Trait 5: Market and Product Knowledge
Entrepreneurs know everything about their product. They even know the market inside-out. Most get success because they offer something which wasn’t there earlier. Some improve upon an existing offering. Being unaware of the market needs, competitive strategies and other forces can make even great products a failure.
Trait 6: Effective Financial Management
No entrepreneurial venture becomes profitable in a fortnight. Till it becomes profitable, capital is limited and should be widely used. Smart entrepreneurs plan for both current and future monetary obligations. Hence, they keep aside a contingency fund. Even when they start getting funds or become fully operational, they maintain a complete account of cash flow. This is because money is the lifeblood of any business.
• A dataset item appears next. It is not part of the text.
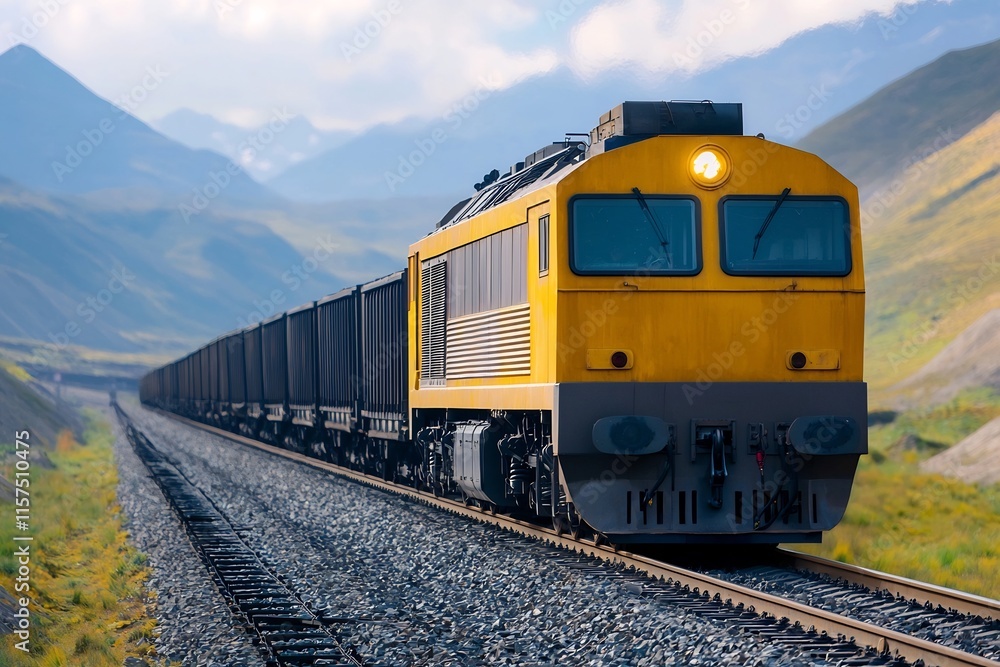 Powerful Locomotive Traversing Rugged Mountain Landscape Powerful Locomotive Traversing Rugged Mountain Landscape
Trait 7: Effective Planning Skills
Entrepreneurs build a business from scratch while managing scarce resources. This demands planning. But, if you try planning for everything so that there’s a ready solution then you may never take the plunge. Successful entrepreneurs do have a business plan, but they can still deal with unexpected situations.
Trait 8: The Right Networks
Most people find comfort in sympathy. That’s why they complain to their friends/family about unfair competition, economic slowdown etc. But, complaining isn’t going to improve the bottom line. Thus, successful entrepreneurs connect with mentors and other experienced people to get valuable suggestions. If they lack the needed technical skills, they’ll outsource it to someone who can do technical tasks. This way the entrepreneurs can focus on other areas of their business.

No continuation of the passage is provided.